If you just keep track of each digit in a char array, this is easy. Doubling a digit is trivial, and if the result is greater than 10 you just subtract 10 and add a carry to the next digit. Start with a value of 1, loop over the doubling function 1000 times, and you're done. You can predict the number of digits you'll need with ceil(1000*log(2)/log(10)), or just add them dynamically.
Spoiler alert: it appears I have to show the code before anyone will believe me. This is a simple implementation of a bignum with two functions, Double and Display. I didn't make it a class in the interest of simplicity. The digits are stored in a little-endian format, with the least significant digit first.
typedef std::vector<char> bignum;
void Double(bignum & num)
{
int carry = 0;
for (bignum::iterator p = num.begin(); p != num.end(); ++p)
{
*p *= 2;
*p += carry;
carry = (*p >= 10);
*p -= carry * 10;
}
if (carry != 0)
num.push_back(carry);
}
void Display(bignum & num)
{
for (bignum::reverse_iterator p = num.rbegin(); p != num.rend(); ++p)
std::cout << static_cast<int>(*p);
}
int main(int argc, char* argv[])
{
bignum num;
num.push_back(1);
for (int i = 0; i < 1000; ++i)
Double(num);
Display(num);
std::cout << std::endl;
return 0;
}
You need a bignum library, such as this one.
You probably need a pointer here (pun intended)
In C++ you would need to create your own bigint lib in order to do the same as in python.
C/C++ operates on fundamental data types. You are using a double which has only 64 bits to store a 1000 bit number. double uses 51 bit for the significant digits and 11 bit for the magnitude.
The only solution for you is to either use a library like bignum mentioned elsewhere or to roll out your own.
UPDATE: I just browsed to the Euler Problem site and found that Problem 13 is about summing large integers.

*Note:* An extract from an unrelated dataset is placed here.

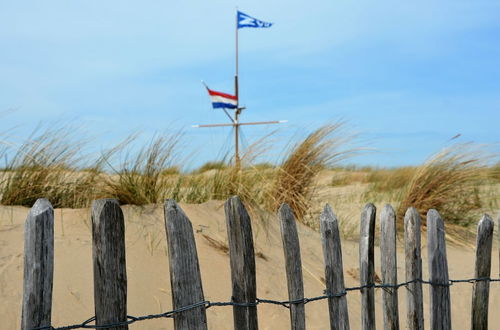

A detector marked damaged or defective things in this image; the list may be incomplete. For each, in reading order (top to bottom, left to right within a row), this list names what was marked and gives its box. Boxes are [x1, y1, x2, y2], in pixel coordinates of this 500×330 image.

rusty barbed wire [31, 276, 500, 330]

The iterated method can become very tricky after a short while, so I'd suggest to use the code from Problem #13 you should have already to solve this, because 2**N => 2**(N-1) + 2**(N-1)

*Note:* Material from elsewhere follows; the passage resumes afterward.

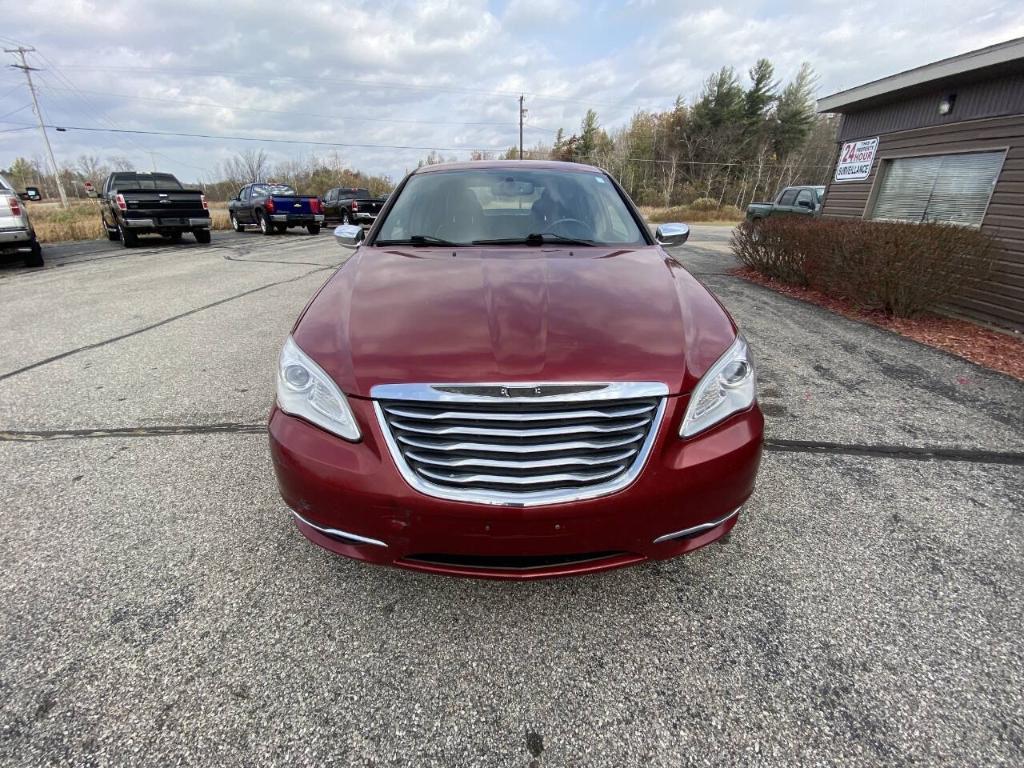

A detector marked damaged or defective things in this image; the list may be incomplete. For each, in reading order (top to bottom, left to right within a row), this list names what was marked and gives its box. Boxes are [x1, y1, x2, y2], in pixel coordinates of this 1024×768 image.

Using bignums is cheating and not a solution. Also, you don't need to compute 2**1000 or anything like that to get to the result. I'll give you a hint:
Take the first few values of 2**N:
0 1 2 4 8 16 32 64 128 256 ...
Now write down for each number the sum of its digits:
1 2 4 8 7 5 10 11 13 ...
You should notice that (x~=y means x and y have the same sum of digits)
1+1=2, 1+(1+2)=4, 1+(1+2+4)=8, 1+(1+2+4+8)=16~=7 1+(1+2+4+8+7)=23~=5
Now write a loop.
Project Euler = Think before Compute!
If you want to do this sort of thing on a practical basis, you're looking for an arbitrary precision arithmetic package. There are a number around, including NTL, lip, GMP, and MIRACL.
If you're just after something for Project Euler, you can write your own code for raising to a power. The basic idea is to store your large number in quite a few small pieces, and implement your own carries, borrows, etc., between the pieces.
Isn't pow(2, 1000) just 2 left-shifted 1000 times, essentially? It should have an exact binary representation in a double float. It shouldn't require a bignum library.